**WHAT TO WORK ON**
Your answer must match, word for word, the lines from the one holding "Amethyst Geode Crystal" through the final line below, with pictures excluded.

**SOURCE DATA**
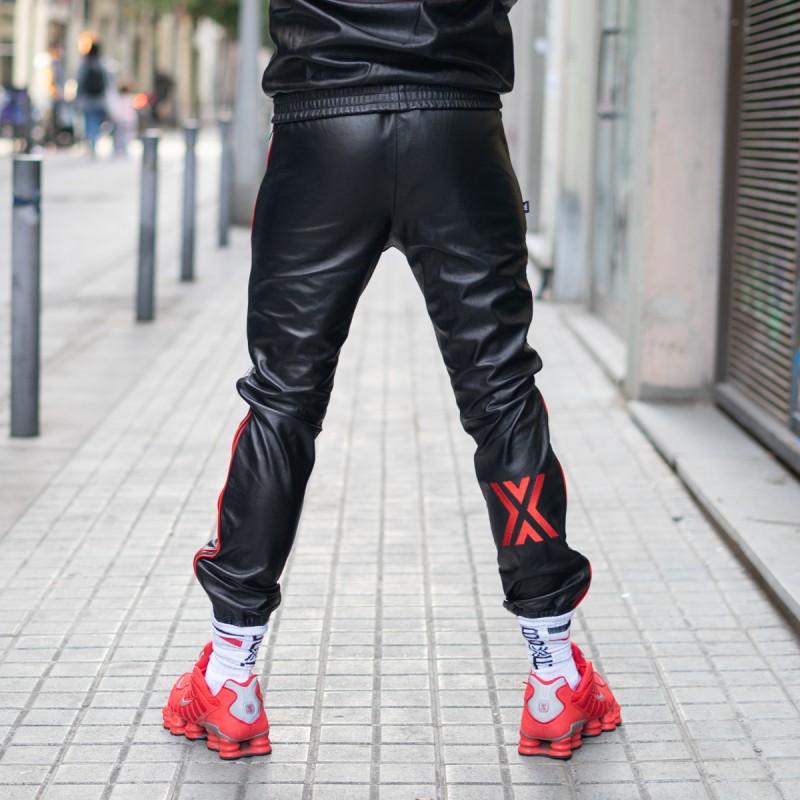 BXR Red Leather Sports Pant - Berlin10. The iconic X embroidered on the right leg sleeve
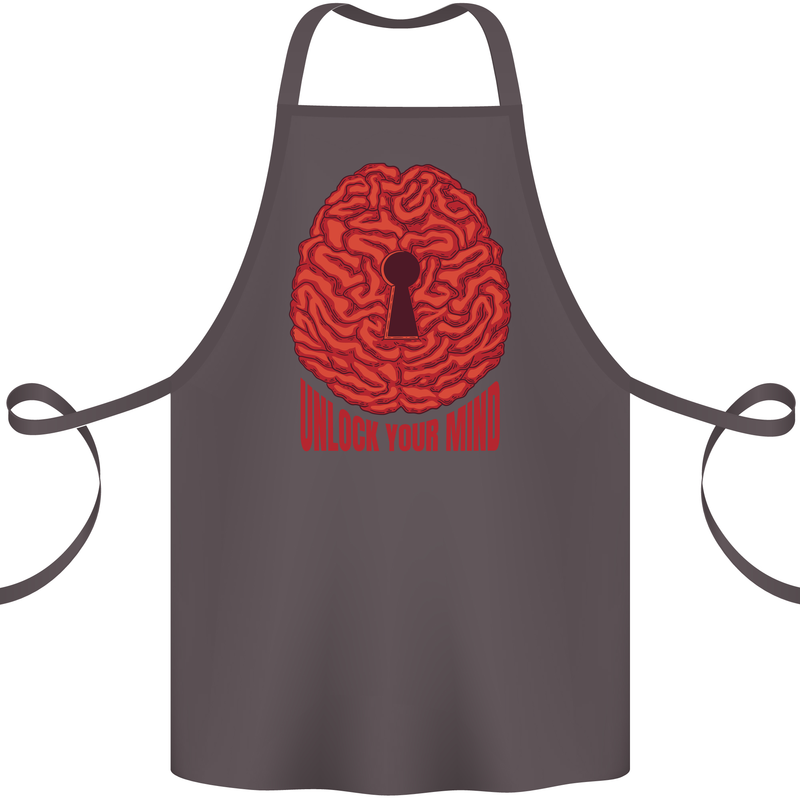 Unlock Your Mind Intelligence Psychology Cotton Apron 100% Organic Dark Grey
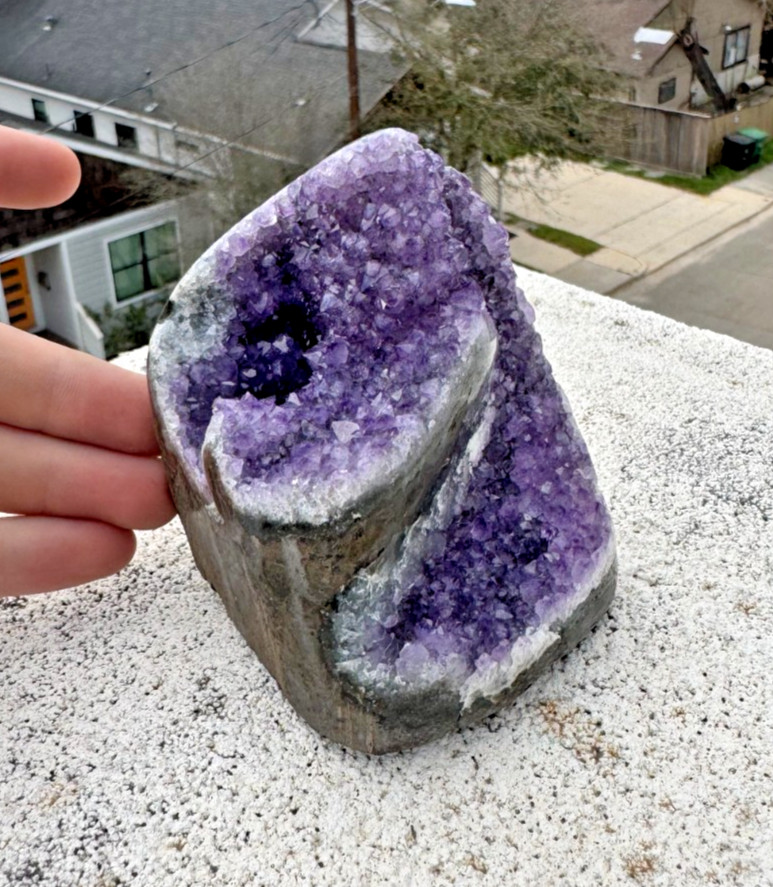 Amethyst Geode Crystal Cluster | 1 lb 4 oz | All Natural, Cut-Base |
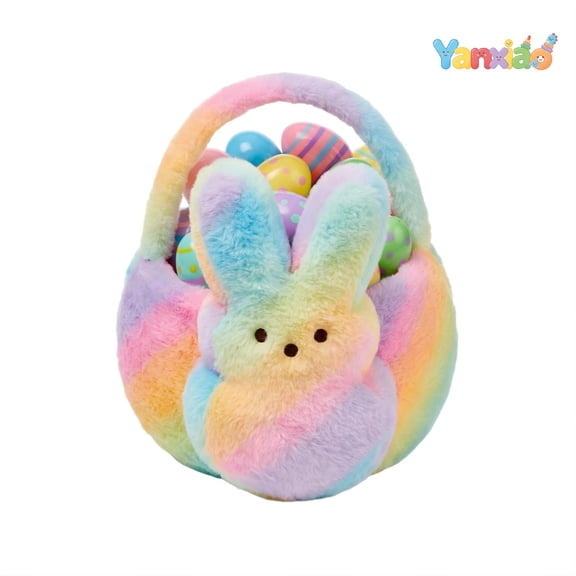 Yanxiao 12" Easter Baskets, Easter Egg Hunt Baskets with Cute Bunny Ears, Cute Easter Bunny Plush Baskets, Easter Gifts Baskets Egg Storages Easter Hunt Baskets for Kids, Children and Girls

**OUTPUT OF THE EXERCISE**
 Amethyst Geode Crystal Cluster | 1 lb 4 oz | All Natural, Cut-Base |
 Yanxiao 12" Easter Baskets, Easter Egg Hunt Baskets with Cute Bunny Ears, Cute Easter Bunny Plush Baskets, Easter Gifts Baskets Egg Storages Easter Hunt Baskets for Kids, Children and Girls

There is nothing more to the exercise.